# Brass square section.



## petertheeater (11 Nov 2019)

Aploogies if this is not the correct terminology. I am looking for brass section approx 2" square to make some legs for a piece of furniture. Four legs at around 850mm long. Ideally polished but if that's not too difficult I might be able do it. Not had much luck looking on line or in the suppliers section of this forum. 
Any help appreciated.


----------



## Lons (11 Nov 2019)

I'd ring Aalco, if they don't have it they'll tell you who does. They have branches nationwide so check out their stockist list first
I assume you mean square tube rather than solid, either way it's going to be expensive.


----------



## CHJ (11 Nov 2019)

https://www.metals4u.co.uk/brass/c2/pol ... shed/c2275

2" square in bright and brushed would appear to be out of stock, but I don't think prices would make it viable anyway.


----------



## profchris (11 Nov 2019)

Lots on eBay, but you are looking at over £60 per leg!


----------



## flh801978 (11 Nov 2019)

May be best to clad square timber legs with 0.5mm or so brass sheet
Easy to do for a sheet metal company with a brake


----------



## marcros (11 Nov 2019)

Where are you based?


----------



## sunnybob (11 Nov 2019)

Youre most likely looking for brass plated mild steel box section. It was very common in the 70's.
This might put you off of solid brass
https://www.metals4u.co.uk/brass/c2/bra ... 5mm/p53964


----------



## petertheeater (11 Nov 2019)

Thanks all. Yes doesn't seem readily available over 1 1/2" (which is a bit too small for my needs)..
I am North London based.
If these people want brass they will pay for it so cost isn't the overriding factor. Besides doing them in nice timber is still of a certain cost.
Nice and polished against a nice timber or veneer will I think be worth it.


----------



## petertheeater (11 Nov 2019)

Sorry the "these people" sounds a bit dismissive. I mean my lovely discerning clients.


----------



## petertheeater (11 Nov 2019)

flh801978":16t71o9d said:


> May be best to clad square timber legs with 0.5mm or so brass sheet
> Easy to do for a sheet metal company with a brake


Can this be done nicely?


----------



## Bm101 (11 Nov 2019)

https://www.ebay.co.uk/i/113587766725?c ... gLL2PD_BwE

Worth a try? Use formers and clamps and epoxy in stages. Cut a housing slice for the initial start then bed round carefully. 
?


----------



## Inspector (11 Nov 2019)

I looked for "brass leg caps" and got the one below. Maybe try to contact them and see if they have bigger.

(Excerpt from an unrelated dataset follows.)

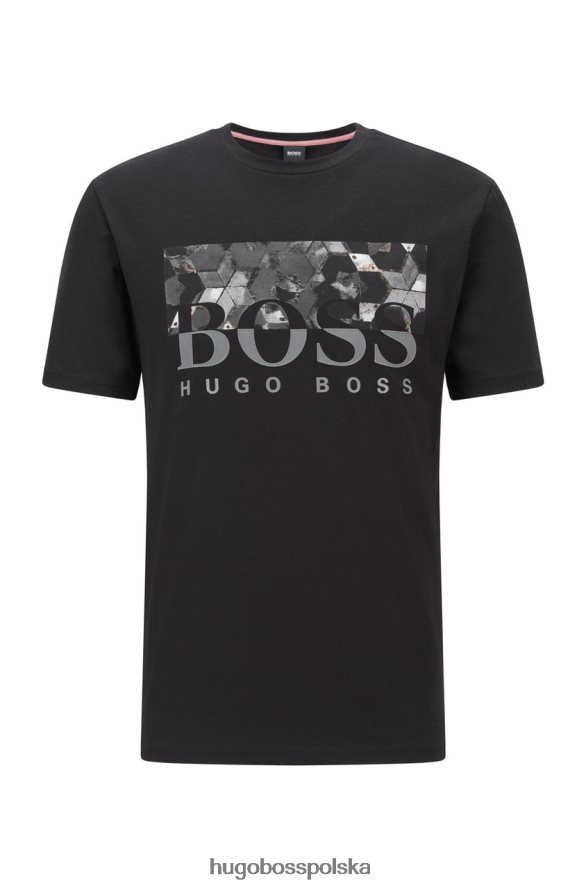 Hugo Boss koszulka teally 50453672 czarna czarny R0X0H6280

https://www.ebay.co.uk/itm/REPAIR-PARTS ... Swi8VZVb7z

"Plan B" would be to get brass sheet as already suggested and have it either folded and braze the corner or braze all four corners if they must be sharp. You'll have to hunt down someone that can do the brazing.

Or "Plan C" would be to get aluminium box section extrusion and after cutting to length have it anodized gold. No doubt there are more that you can search up. Some of the suppliers below can also do it all in house saving you a lot or running around.

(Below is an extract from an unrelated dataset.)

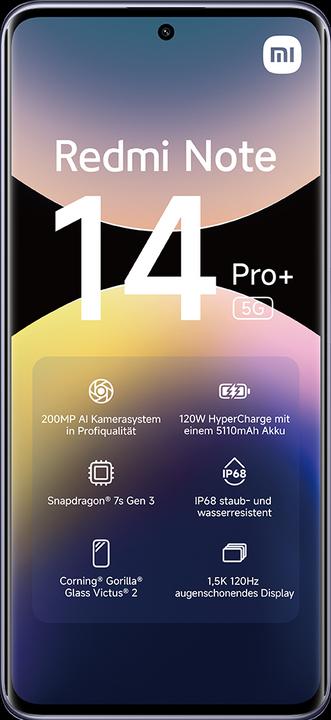 Produktbild Xiaomi Redmi Note 14 Pro+ 5G (512 GB, Lavender Purple, 6.67", Dual SIM, 200 Mpx, 5G)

https://www.metals4u.co.uk/aluminium/c1 ... (2x2x16swg)/p799

https://www.richelieuglazingsupplies.co ... 0126391210

https://www.spaaluminium.com

https://www.metalsupplies.com/products/ ... x-section/

https://www.aluminiumwarehouse.co.uk/al ... quare-tube

Pete


----------



## TFrench (12 Nov 2019)

Brass plating:
www.broadwaybrass.co.uk/


----------



## Roland (12 Nov 2019)

https://maccmodels.co.uk/shop/2-brass-square-cz121-2/


----------



## Richard_C (12 Nov 2019)

I assume both the brass-ness and the square-ness are important to you. 

If brass and cost outweighs the shape, have a look at the hairpin leg company (amazon). I've just used some yellow powder coated ones and am very pleased with the quality, and they do a brass plated finish in a range of sizes up to 850 long. Ikea used to do a range of legs, I don't recall brass finish though.


----------